Scanners don't like to choose one subject


Scanners and renaissance people are really the same kind of bird. They have many interests and often they have many careers and many, many creative projects, ideas and plans. I'm a scanner so I speak from experience. I remember how my mother used to say, shaking her head sadly, "You can never finish anything." I did finish some things, just not everything I started. I had so many things I wanted to do! When new fascinating fields of study and expression appeared, I just dropped whatever I had been doing to immerse myself in the fresh adventure. If you think you're a scanner then check out Barbara Sher's marvelous books on how to accept it and turn it to your profound advantage.

Modern culture favors specialists. And that is an understatement. We are pruned and shaped by our society's tendency to homogenize and standardize until our variety, innate curiosity and sense of exploration is fairly well tamed. That's been our model, especially since the Industrial Revolution. Seth Godin writes so well about that in his new book Linchpin.

Being a scanner came up for me as I thought of what I wanted to write about in the blog format, where people often present one subject, and quite briefly too. But I had so many things I wanted to write about! I wanted to write about two books I read recently, Seth Godin's Linchpin and The Autobiography of a Yogi by Paramahansa Yogananda, which I read many years ago and had a yen to read again.

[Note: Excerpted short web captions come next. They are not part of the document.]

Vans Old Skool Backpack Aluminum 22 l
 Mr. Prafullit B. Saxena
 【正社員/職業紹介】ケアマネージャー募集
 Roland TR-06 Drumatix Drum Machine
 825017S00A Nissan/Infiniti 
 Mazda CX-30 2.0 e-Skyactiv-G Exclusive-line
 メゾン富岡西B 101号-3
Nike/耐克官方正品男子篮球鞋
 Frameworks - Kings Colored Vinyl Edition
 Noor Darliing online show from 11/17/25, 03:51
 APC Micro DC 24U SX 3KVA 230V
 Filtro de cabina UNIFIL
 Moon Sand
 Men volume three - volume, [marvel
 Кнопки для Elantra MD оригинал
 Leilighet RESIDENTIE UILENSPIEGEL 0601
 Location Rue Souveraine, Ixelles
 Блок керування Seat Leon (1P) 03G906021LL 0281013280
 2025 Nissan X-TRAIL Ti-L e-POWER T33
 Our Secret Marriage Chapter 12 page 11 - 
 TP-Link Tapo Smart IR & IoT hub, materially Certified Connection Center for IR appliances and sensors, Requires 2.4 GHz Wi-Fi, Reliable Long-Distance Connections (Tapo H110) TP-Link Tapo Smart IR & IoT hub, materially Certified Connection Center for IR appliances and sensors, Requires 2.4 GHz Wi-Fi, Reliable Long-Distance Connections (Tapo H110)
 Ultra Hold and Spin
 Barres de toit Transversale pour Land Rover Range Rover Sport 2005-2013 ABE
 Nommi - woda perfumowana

Both books are about freedom. Seth Godin's book is wonderful, and I am totally in favor of everyone becoming a linchpin and an artist in the workplace, rather than a replaceable expendable cog. But I have to say that the world described in Yogananda's book exerts a far deeper pull on me. The real-life experiences of saints, yogis and spiritual masters described in Yogananda's book make me deeply happy. Human potential is so much bigger than the small slice we settle for in the materialistic worldview.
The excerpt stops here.